Operational Runbooks¶

Scope¶

This file covers operational runbook and playbook design decisions: runbook structure and standardization, incident response playbooks, automated vs. manual execution, runbook-as-code tooling, on-call documentation, post-incident review practices, runbook maintenance, integration with monitoring and alerting, game day validation, and SRE operational practices. For alerting and monitoring tool selection, see general/observability.md. For disaster recovery runbooks specifically, see general/disaster-recovery.md.

Checklist¶

Why This Matters¶

Operational runbooks are the bridge between alerting systems that detect problems and engineers who fix them. Without well-structured runbooks, incident response depends entirely on tribal knowledge — whichever engineer happens to remember how to fix a particular problem. This creates single points of failure in the on-call rotation, extends mean time to resolution (MTTR) when the knowledgeable engineer is unavailable, and makes onboarding new team members unnecessarily painful. A 15-minute fix becomes a 2-hour investigation when the engineer has never seen the problem before and has no documented procedure to follow.

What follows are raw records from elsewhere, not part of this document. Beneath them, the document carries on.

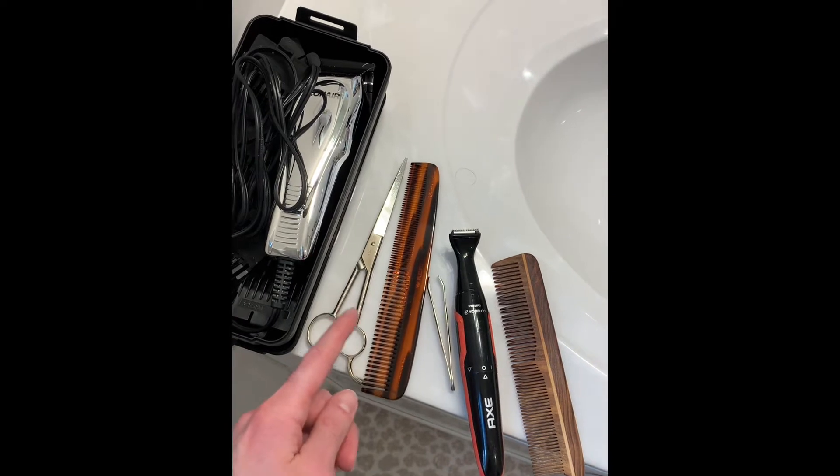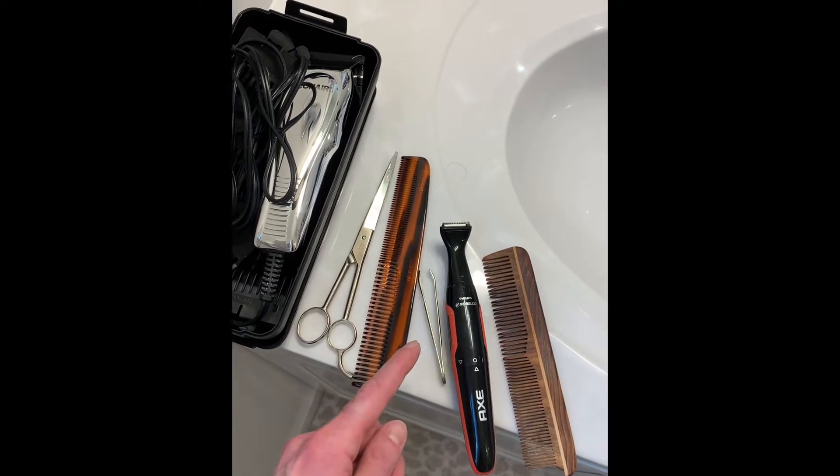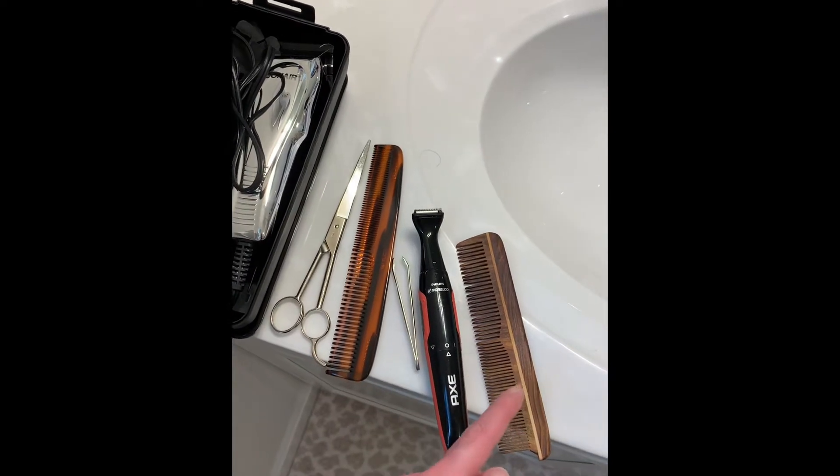Standard trimmer, hair clippers, comb, tweezers, detail trimmer, wood comb.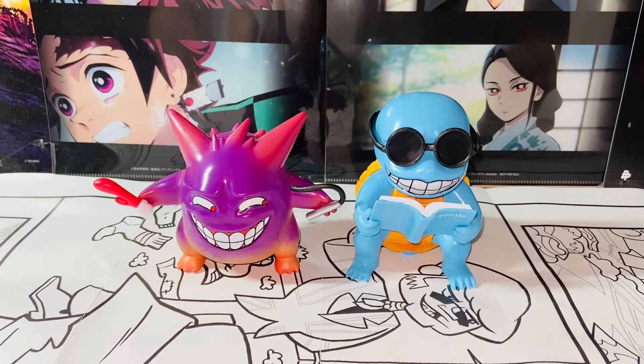Hello everybody, this is Kyoji here. Welcome back to another video. In this video, I'll be reviewing the Syodas Pokemon GK, the Q-Expression Squirtle and Gengar figures.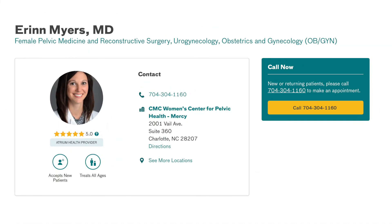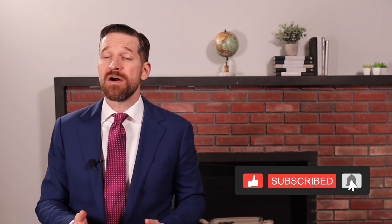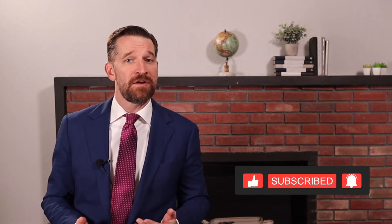Thanks again for coming on. If a surgeon found this helpful and wants to reach out for more information, education, or training, they can get in touch through Dr. Myers's office directly or through his Atrium Health website. If you have questions or comments we didn't cover regarding sacral colpopexy, please drop them in the comment section below. And as always, please remember to subscribe for more great content for residents, fellows, gynecologists, and urogynecologists.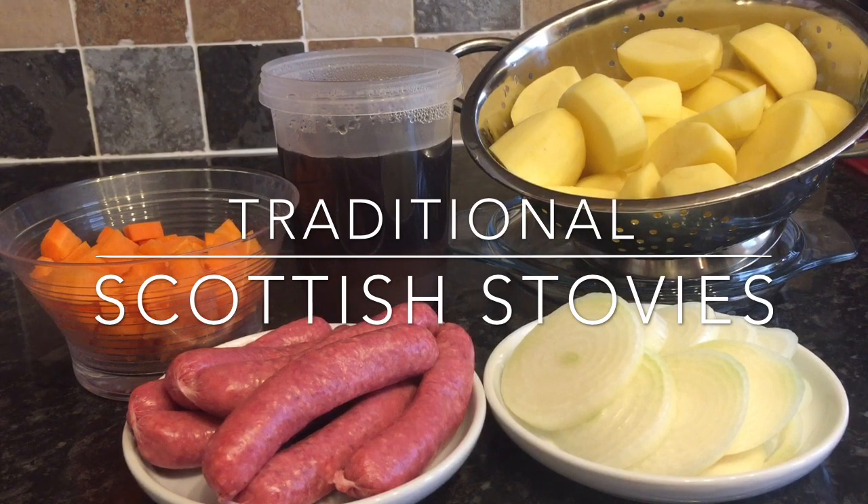I can also use beef links, and that's what I'm using today. This was a video request by Michelle on YouTube — she has a beauty and lifestyle channel called Lightening Lass, and I'll link that in the description down below. She's absolutely fabulous and also a fellow Scot, so please go and check her out.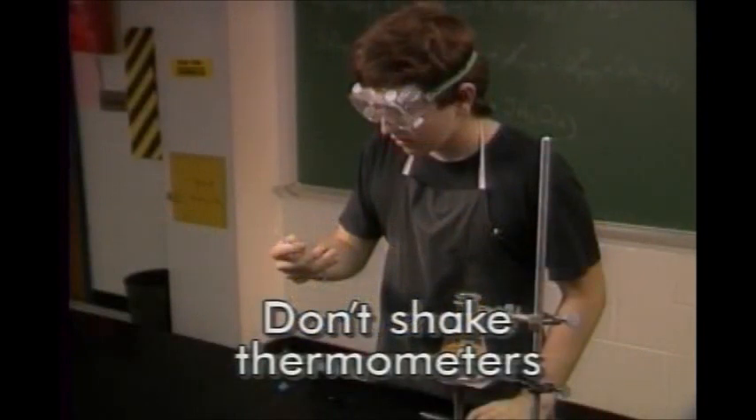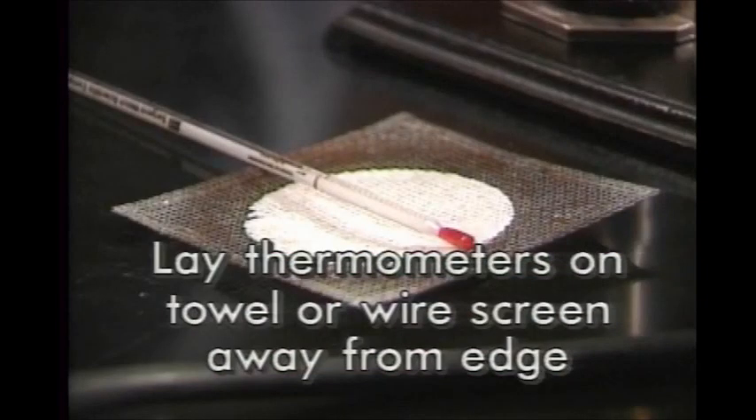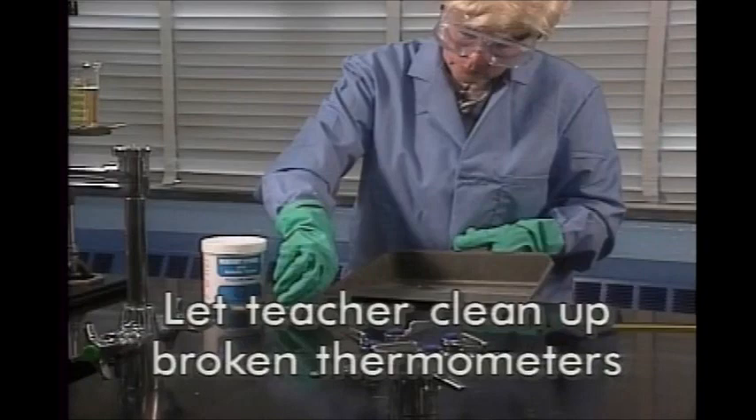Don't shake thermometers. Use thermometers only in the temperature range they're suited for. Lay thermometers down on a towel or a wire screen to cool, away from the edge of the bench. Let your teacher clean up broken thermometers.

The distinction between automated and manual runbooks is a critical cost-benefit decision. Automating every runbook sounds appealing but carries real risks: automated remediation for a misdiagnosed problem can make things worse (restarting a service that is crash-looping due to a configuration error just restarts the crash loop faster), and maintaining automation for rarely-triggered runbooks costs more in engineering time than the manual execution it replaces. The most effective approach is to automate high-frequency, low-risk remediations (disk cleanup, certificate renewal, service restart) while keeping human judgment in the loop for destructive actions, complex failovers, and novel failure modes.

Post-incident review is where operational maturity compounds. Organizations that rigorously conduct blameless postmortems, track action items to completion, and feed findings back into runbooks and architecture decisions experience fewer repeat incidents over time. Organizations that skip postmortems or treat them as blame exercises repeat the same incidents, burn out their on-call engineers, and accumulate operational debt that eventually manifests as a major outage. The postmortem is also the primary mechanism for connecting incidents to SLO impact — without this feedback loop, error budgets are just numbers on a dashboard rather than operational decision-making tools.

Common Decisions (ADR Triggers)¶

ADR: Runbook Hosting and Tooling¶

Context: The organization needs to decide where runbooks are authored, stored, and executed.

Options:

Criterion	Wiki/Docs (Confluence, GitBook)	Git Repository (Markdown)	Runbook-as-Code (SSM, Ansible, Rundeck)	Integrated Platform (PagerDuty Runbook Automation, Shoreline)
Authoring Experience	Rich editor, non-engineers can contribute	Plain text, requires git workflow	Code/YAML, requires engineering skills	Guided UI with code blocks
Version Control	Built-in but limited diff/review	Full git history, PR review	Full git history, PR review	Platform-managed versioning
Execution	Manual (copy-paste commands)	Manual (copy-paste commands)	Automated or semi-automated	Automated with approval gates
Alert Integration	Link from alert to wiki page	Link from alert to repo page	Trigger from alert webhook	Native alert-to-runbook binding
Searchability	Full-text search built in	Requires separate search tooling	Searchable via platform	Built-in search and tagging
Maintenance Burden	Low authoring effort, high staleness risk	Moderate (PR process enforces review)	Higher (code must be tested and maintained)	Moderate (platform manages execution)
Best Fit	Small teams, simple operations	Engineering-heavy teams, GitOps culture	Mature SRE teams automating remediation	Organizations wanting turnkey automation

Decision drivers: Team size and technical depth, frequency of runbook execution (manual is fine for rare events, automation is essential for frequent ones), existing tooling ecosystem (GitOps shop vs. wiki-centric), and budget for dedicated runbook platforms.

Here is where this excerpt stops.